厳罰化されてもあおり運転が減らない理由とは
あおり運転は令和2年6月30日から妨害運転罪として罰則の対象となった違反行為です。罰則は重く、3年以下の懲役または50万円以下の罰金、加えて違反点数が25点のため、運転免許は即取り消しになります。さらに著しい危険を生じさせた場合は5年以下の懲役または100万円以下の罰金、違反点数も35点(欠格期間3年)とより厳しい罰が課せられます。
令和2年11月27日には、トラックなど自動車運送事業者の行政処分の対象となる事項にあおり運転が追加されました。これによりトラック、バス、タクシーなどの事業用自動車が酒気帯び、酒酔い、薬物陽使用、無免許、ひき逃げといった悪質違反を起こした場合と同様、あおり運転を起こしたドライバーに加えて事業者も行政処分の対象となります。さらに運行管理者資格者証の返納命令処分についても、過労運転などとともにあおり運転が対象に追加されました。
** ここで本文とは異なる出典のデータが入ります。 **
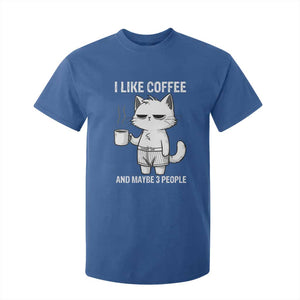 I Like Coffee And Maybe Three People T Shirt For Kid Funny Cat Coffee Lover TS14 Royal Blue Print Your Wear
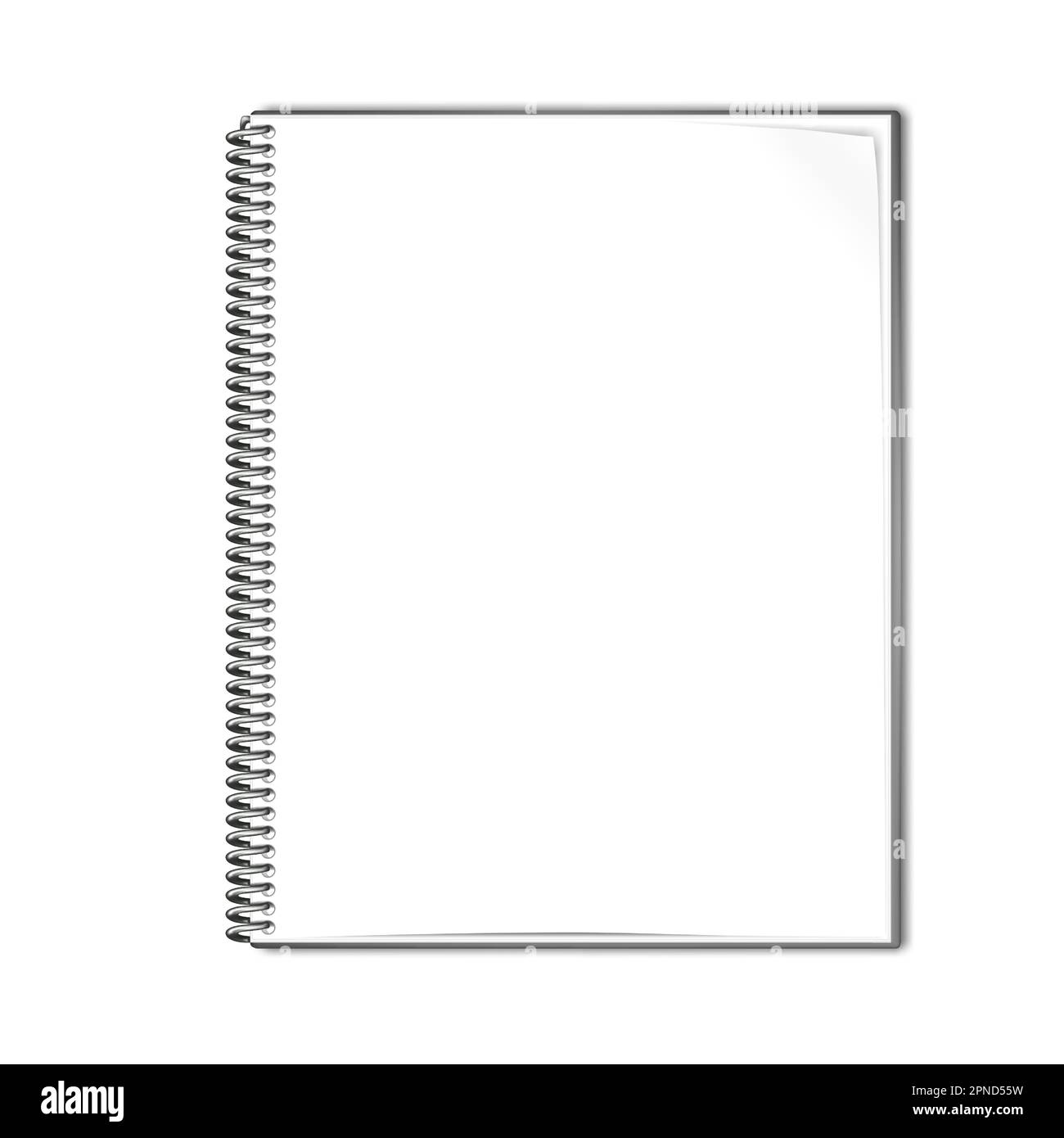 Modello vettoriale per notebook con filo aperto. Blocco note a spirale bianco pagina mockup Illustrazione Vettoriale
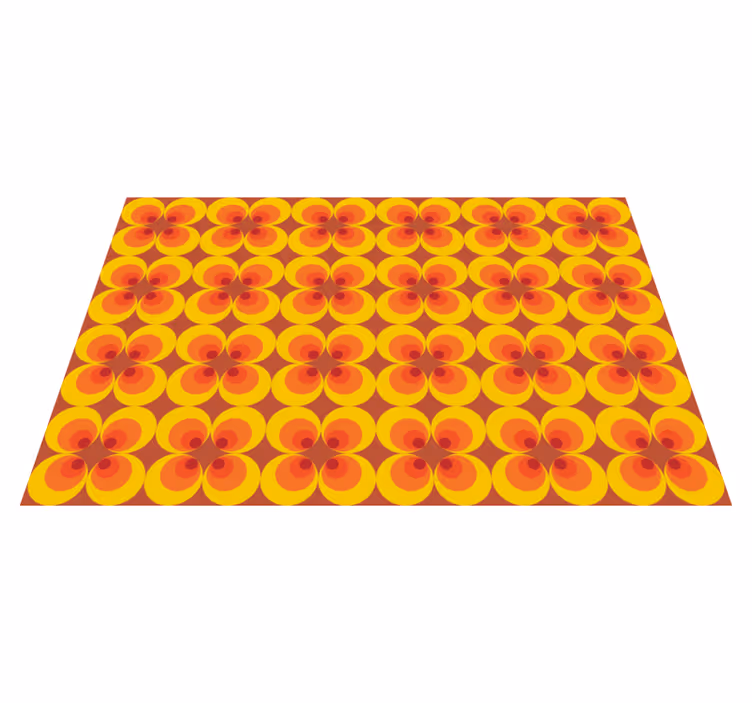 Vintage vinyl rug with 70s retro circles design - TenStickers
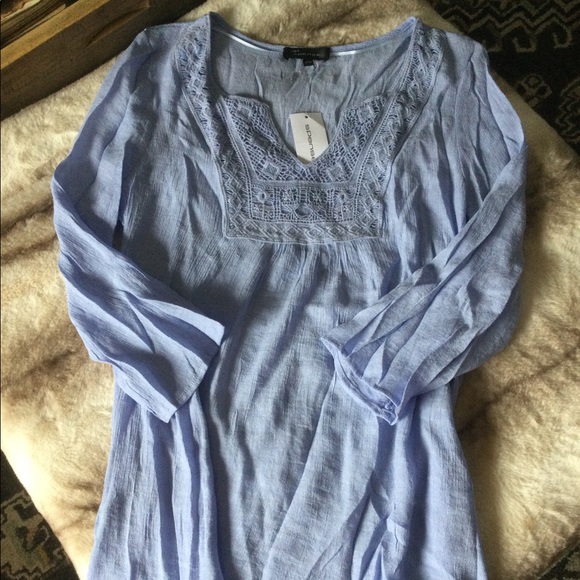 🆕 Spense Peasant Boho Top 💙🌼🌿 - Picture 1 of 7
このように厳罰化されてもなお、あおり運転が減らない理由はどこにあるのでしょうか。大前提として考えられるのは、ドライブレコーダーが普及したことで立証が容易になったことです。こうした技術面の進歩に加えて、ドライバーによって妨害運転罪についての認識に差があることにも原因があります。自社のドライバーがあおり運転の加害者になっても、被害者になっても事業に大きな影響が出ることを考えた場合、まずは事業者あるいは安全運転管理者が、あおり運転に該当するパターンをしっかりと把握し、周知を徹底すべきでしょう。